── Task inputs

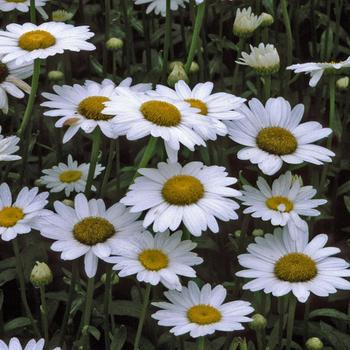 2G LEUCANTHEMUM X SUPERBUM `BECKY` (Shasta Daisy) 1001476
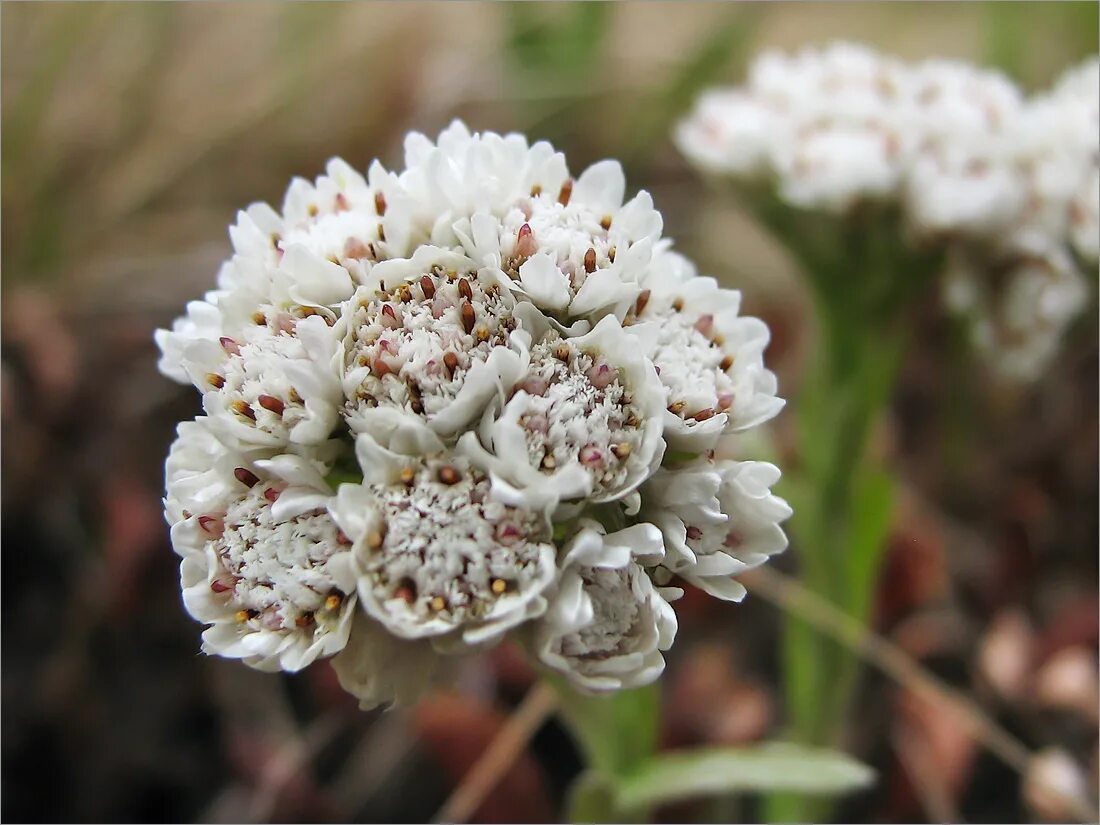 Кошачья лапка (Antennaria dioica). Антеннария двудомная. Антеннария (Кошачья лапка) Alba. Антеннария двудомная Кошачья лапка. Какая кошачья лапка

────
── Task inputs

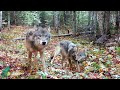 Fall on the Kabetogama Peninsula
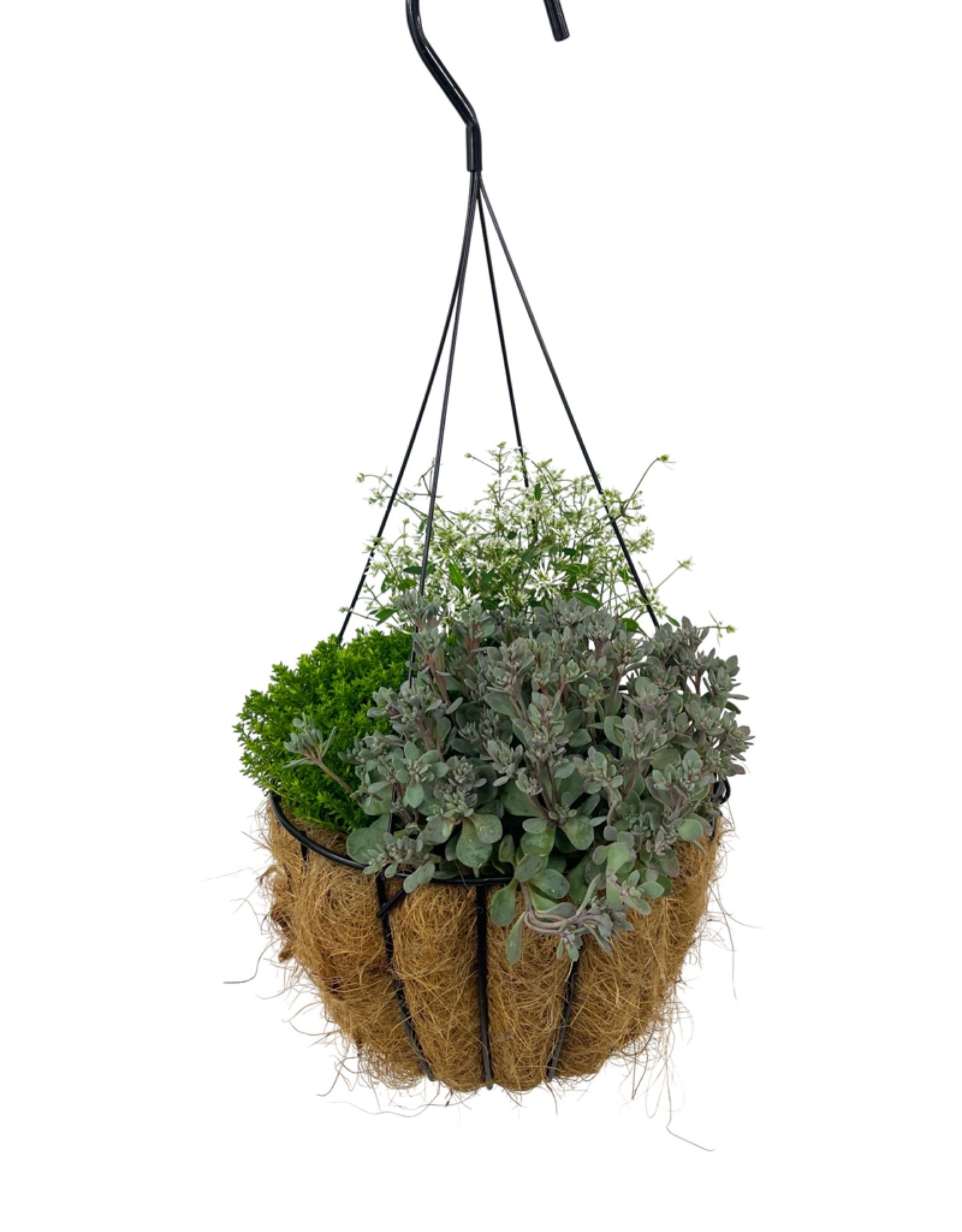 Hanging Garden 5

────
── Task inputs

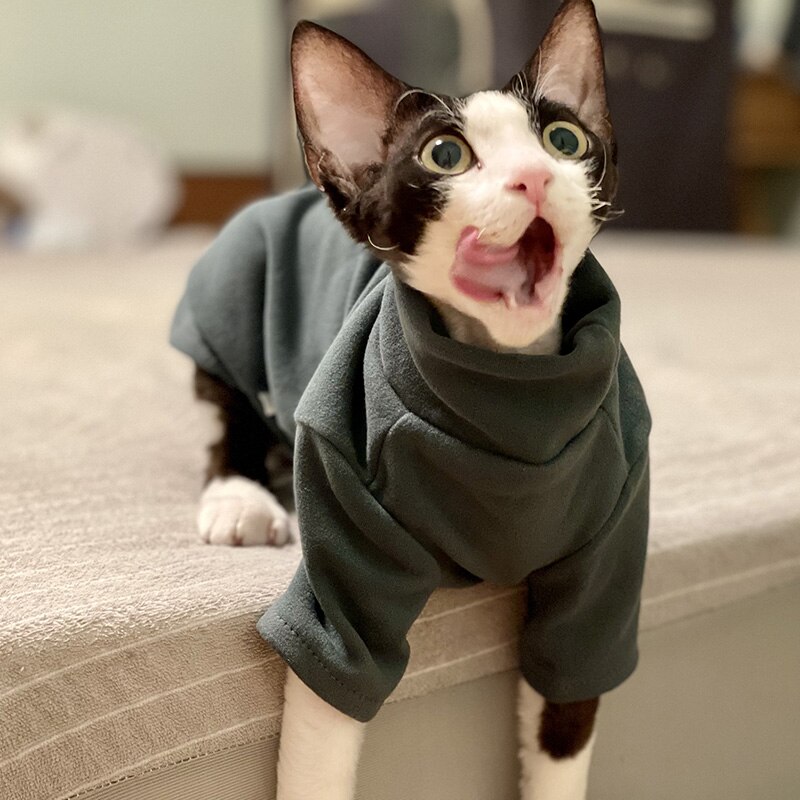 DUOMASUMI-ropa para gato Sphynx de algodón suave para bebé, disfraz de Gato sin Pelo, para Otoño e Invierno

────

Give back exactly the lines above from the one with "2G LEUCANTHEMUM X" through the one with "Кошачья лапка (Antennaria", both included. Pictures don't belong in the copy.

 2G LEUCANTHEMUM X SUPERBUM `BECKY` (Shasta Daisy) 1001476
 Кошачья лапка (Antennaria dioica). Антеннария двудомная. Антеннария (Кошачья лапка) Alba. Антеннария двудомная Кошачья лапка. Какая кошачья лапка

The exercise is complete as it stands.